Stefan Bradl war am Dienstag in Valencia nur eins von insgesamt zehn Sturzopfern - Er erklärt, warum sich die MotoGP-Asse mit den neuen Reifen so schwertun

(Motorsport-Total.com) - Zwölf Stürze von zehn unterschiedlichen Piloten notierten die Statistiker beim MotoGP-Test in Valencia am Dienstag. Auch Stefan Bradl flog während der sieben Stunden auf dem Circuit Ricardo Tormo einmal ab. Fast alle Piloten machen den neuen Vorderreifen von Michelin dafür verantwortlich. "Fast 50 Prozent der Fahrer sind heute mindestens einmal gestürzt, ich wir auch dabei. Das ist natürlich nicht der perfekte Einstand", weiß Bradl, der eine Erklärung für die vielen Abflüge liefert.

Stefan Bradl

Stefan Bradl hat Probleme, sich an den neuen Vorderreifen zu gewöhnen Zoom

"Es fehlt uns am Gefühl für das Vorderrad, das müssen wir nicht groß verheimlichen, das war heute ganz offensichtlich. Der Grip am Hinterreifen ist gut, das wusste man vorher auch schon, aber es fehlt am Gefühl fürs Vorderrad. Daran haben wir heute gearbeitet und ein paar Veränderungen gemacht, um das Setup anzupassen", verrät Bradl am Abend nach der langen Testsession.

"Natürlich muss man auch dementsprechend reagieren, weil der Grip am Hinterrad sehr gut ist, dass man das Motorrad nicht zu nervös macht", erklärt Bradl und grübelt: "Wir haben noch keine klare Idee, ob wir mehr oder weniger Gewicht auf das Vorderrad transferieren müssen oder wie die Balance generell aussieht. Das ist noch ein Fragezeichen und da werden wir jetzt rumspielen."

Im Hinblick auf den Vorderreifen erklärt er: "Er ist nicht direkt genug und vermittelt nicht die Information, die der Bridgestone uns gegeben hat. Das vermissen wir etwas." Gleichzeitig weiß er allerdings auch: "Wir sind noch ganz am Anfang. Ich hatte einen Tag in Aragon und jetzt einen hier in Valencia. Jetzt müssen wir Anpassungsarbeit leisten." Bei den kommenden Tests wollen Bradl und Aprilia die Probleme in den Griff bekomme.

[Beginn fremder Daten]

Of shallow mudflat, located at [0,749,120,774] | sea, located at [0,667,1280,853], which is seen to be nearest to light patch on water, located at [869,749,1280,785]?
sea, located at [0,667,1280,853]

MotoGP: Wintertest in Valencia

"Bis zu einem gewissen Punkt kann man sehr gut pushen, aber darüber hinaus ist der Grat zum Limit einfach zu schmal", erklärt Bradl, der allerdings auch positive Erkenntnisse aus dem ersten Testtag mitnehmen konnte. "Das Gefühl fürs Hinterrad war nach einer Runde direkt sehr gut", freut sich der Deutsche und erklärt: "Das passt." Außerdem scheinen die Reifen sehr stabil zu sein.

Bradl fuhr mehr als 30 Runden auf einem Satz, muss allerdings einräumen, dass er dabei nicht konstant gefahren ist. Eine Rennsimulation war es also nicht. Außerdem hat Bradl nach seinem Sturz weniger gepusht als zuvor. Der Crash verhinderte außerdem, dass der Deutsche die neue Einheitselektronik ausprobieren konnte. Diesen Test möchten er und seine Crew nun am Mittwoch nachholen.